Closed l3str4nge closed 4 years ago
Hi Mateusz,
That's exactly what I had in mind, searching for usernames that match the keywords from sources like:
1) LinkedIn (social_media/linkedin.py) 2) Instagram (social_media/instagram.py) 3) Facebook (social_media/facebook.py)
There are python libs to interact with these platforms. I have started working on Instagram, do you want to pick on any of the other two?
Sure!
Shout if you need anything
Hi Mateusz,
Social networks are well prepared for anti-scraping, therefore extensive searches might be blocked and blacklisted but also not effective.
For this, I'm thinking about applying the "Levenshtein Automaton". Meaning, given a word/keyword "w" and a distance "n", it generates all word permutations within that distance and saves to a list.
The openSquat will then check for each of the keywords of the list if there is an associated account, such as:
https://facebook.com/keyword https://linkedin.com/in/keyword https://instagram.com/keyword
Yeah, for me it's good idea.

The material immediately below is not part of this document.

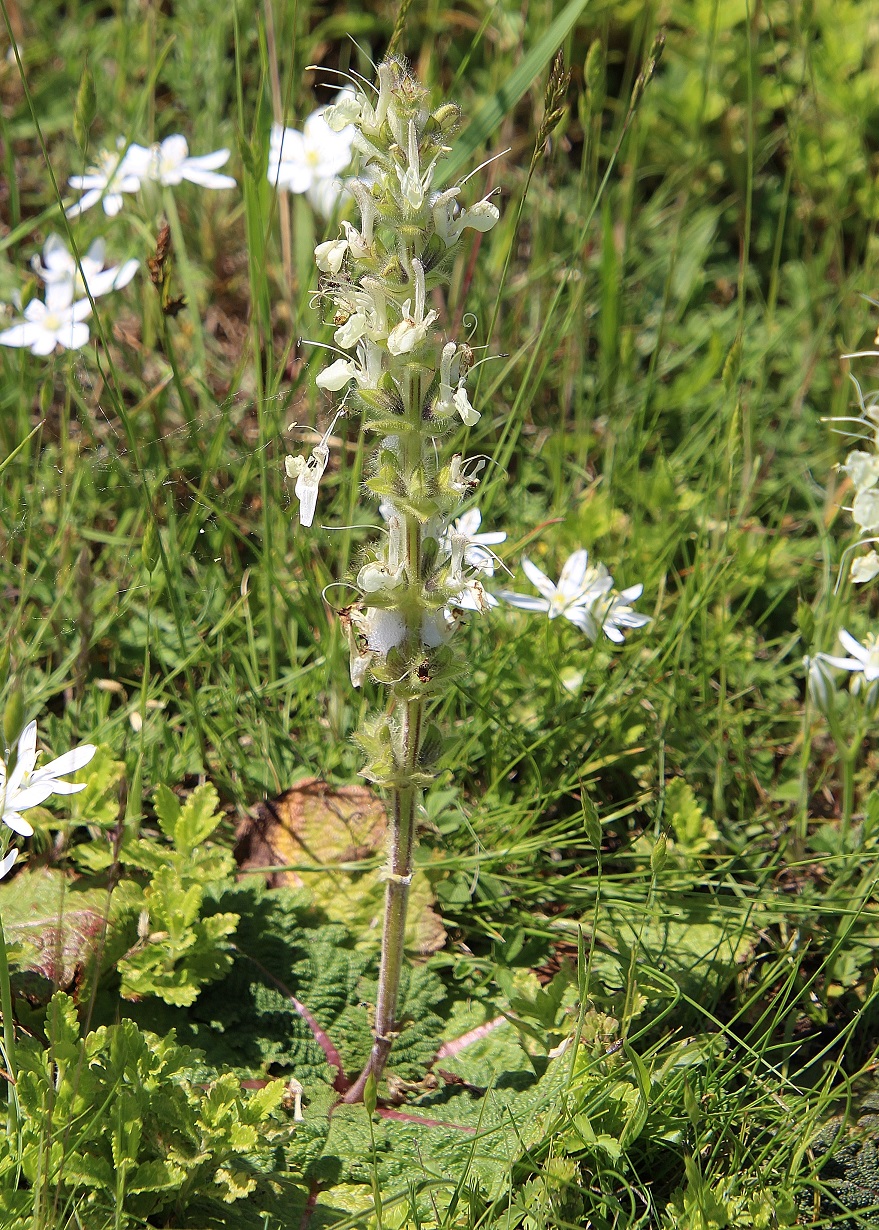 Purbach - 09052024 - (69) - Salvia austriaca - Österreichischer Salbei.JPG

We need to create mechannism for automaton then create abstraction for social media for easily adding new platform in the future for example twitter.
Already i am during investigation about facebook lib for python.

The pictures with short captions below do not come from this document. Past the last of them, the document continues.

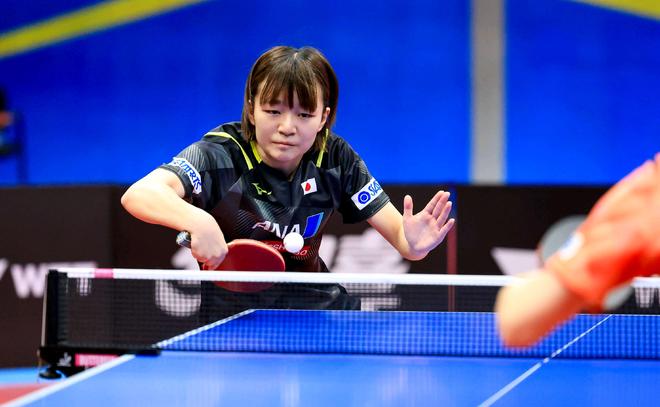 都能在孔帕 都能在孔帕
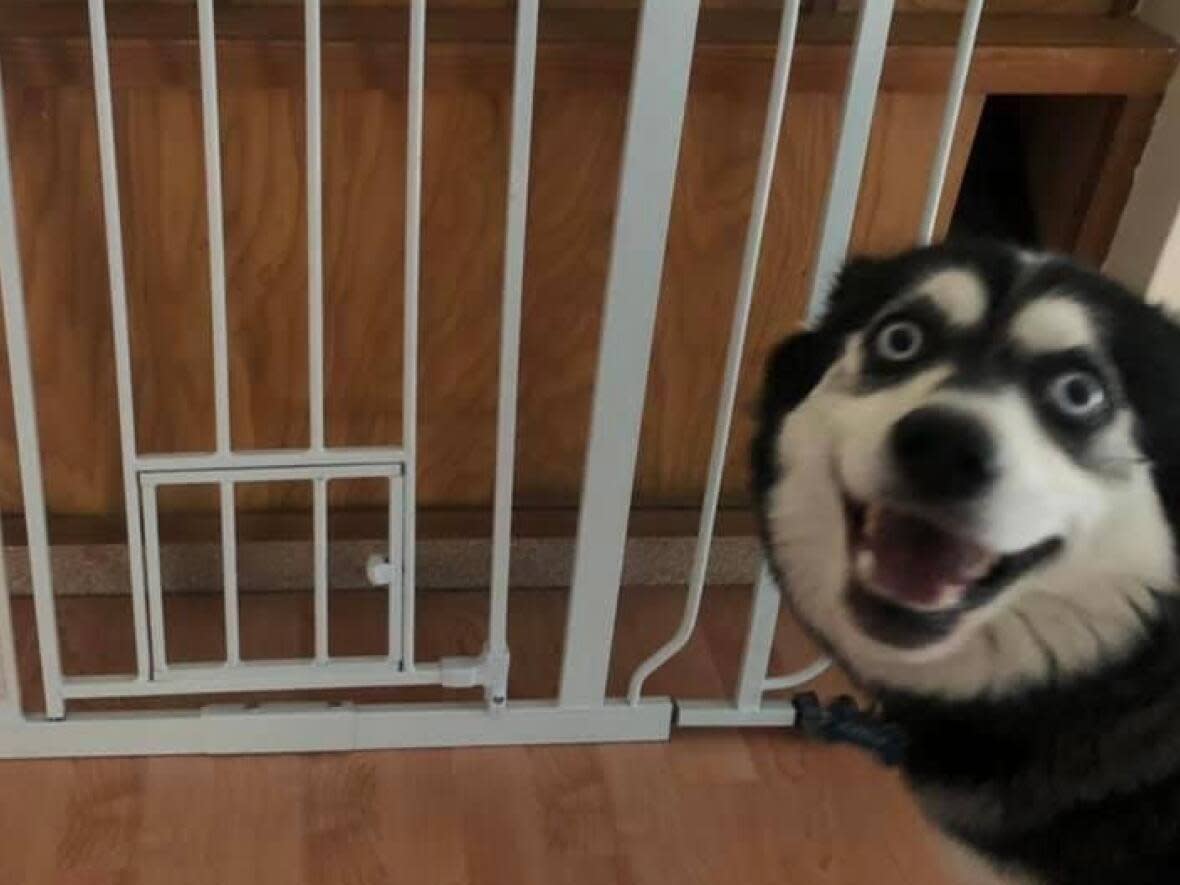 Alesia Willard says Sadie's fame 'was a total fluke.' The Siberian husky bombed the photo of a buy-and-sell photo ad for a baby gate Willard was selling and 'everyone loved it,' she said. (Submitted by Alesia Willard - image credit)
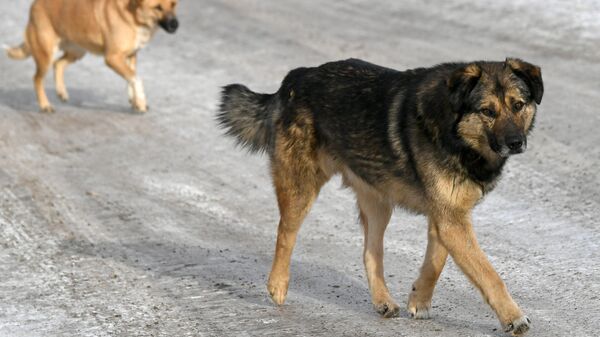 Беспризорные собаки в Красноярске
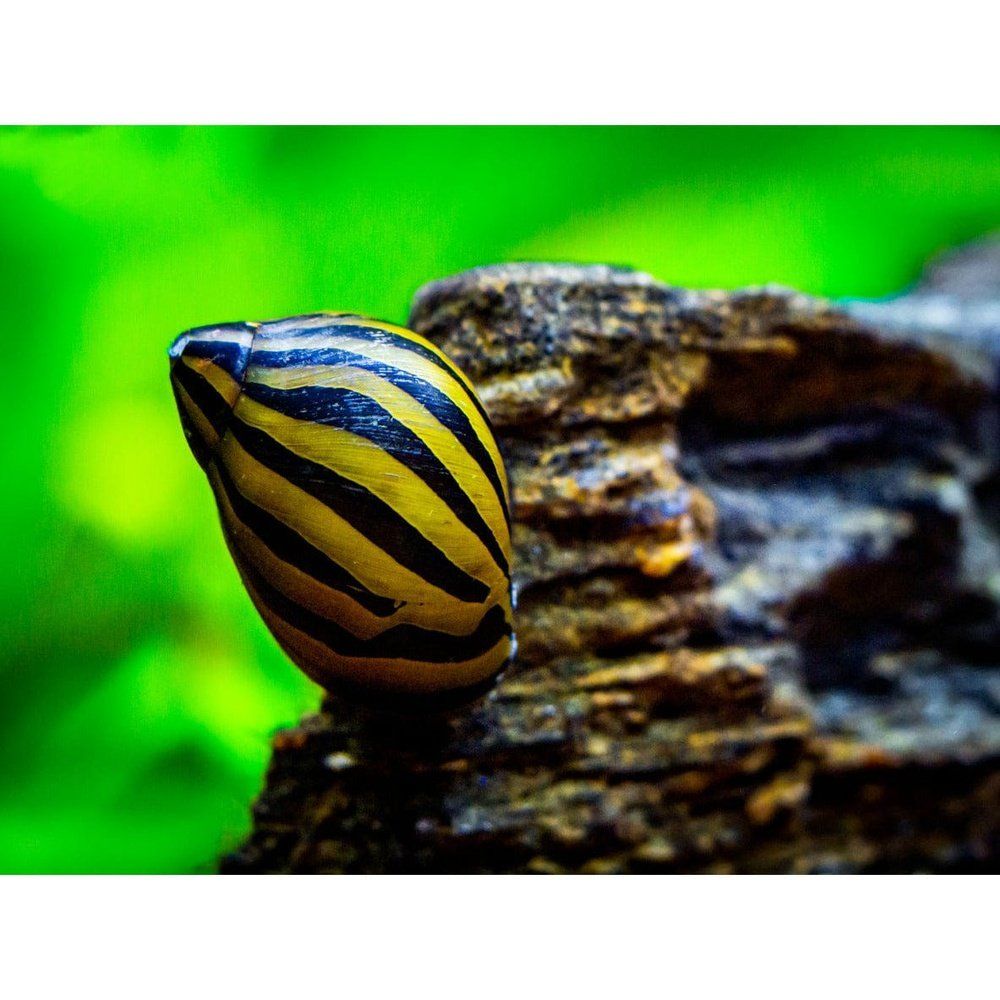 Csiga, Neritina zebra, 1-2 cm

If you already started working on Instagram i could implement automaton on prepare abstraction for social media.
Hello!
I’ve not done much on IG, I was doing more exploration work and see how can I effectively check if a user exists or not and I think I should be able to achieve this by today.

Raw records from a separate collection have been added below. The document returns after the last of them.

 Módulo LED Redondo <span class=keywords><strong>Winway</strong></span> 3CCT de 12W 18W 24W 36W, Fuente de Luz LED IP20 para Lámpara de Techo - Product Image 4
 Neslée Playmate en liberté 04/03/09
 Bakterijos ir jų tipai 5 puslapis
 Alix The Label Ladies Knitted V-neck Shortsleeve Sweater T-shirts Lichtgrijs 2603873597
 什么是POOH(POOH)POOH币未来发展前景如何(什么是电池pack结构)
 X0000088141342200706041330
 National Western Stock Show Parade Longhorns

I’ve done reading about the Leven Automaton but I actually haven’t started coding. Finding a Python-lib will probably be the fastest way to get this going.
But for long strings (e.g Facebook) getting all the permutations even on a distance of 1 edit might be too exhausting, therefore to keep the algorithm simple and without being blocked by social networks, I’m thinking of only do permutations with the vowels (a e i o u) and they usually are more susceptible to being exploited by fraudsters.
I’m still thinking how to solve it.
I want to make openSquat doesn't violate any service policy:
"We prohibit crawling, scraping, caching or otherwise accessing any content on the Service via automated means, including but not limited to, user profiles and photos (except as may be the result of standard search engine protocols or technologies used by a search engine with Instagram's express consent)."
In this particular case, I don't think we are doing "automated means", meaning the user will always have to manually conduct the queries.
@mateuszz0000
I have not been coding as I've been sick (serious shoulder problem), however, I'm back! My Instagram code does not work anymore (website changes) so thankfully I have not pushed the changes to master.
Hello, I have question about roadmap issue regarding social media squatting. I could work on this but I need some tips for that :) How can we detect social media squatting? The only thing that comes to my mind is somehow detect usernames just like domains.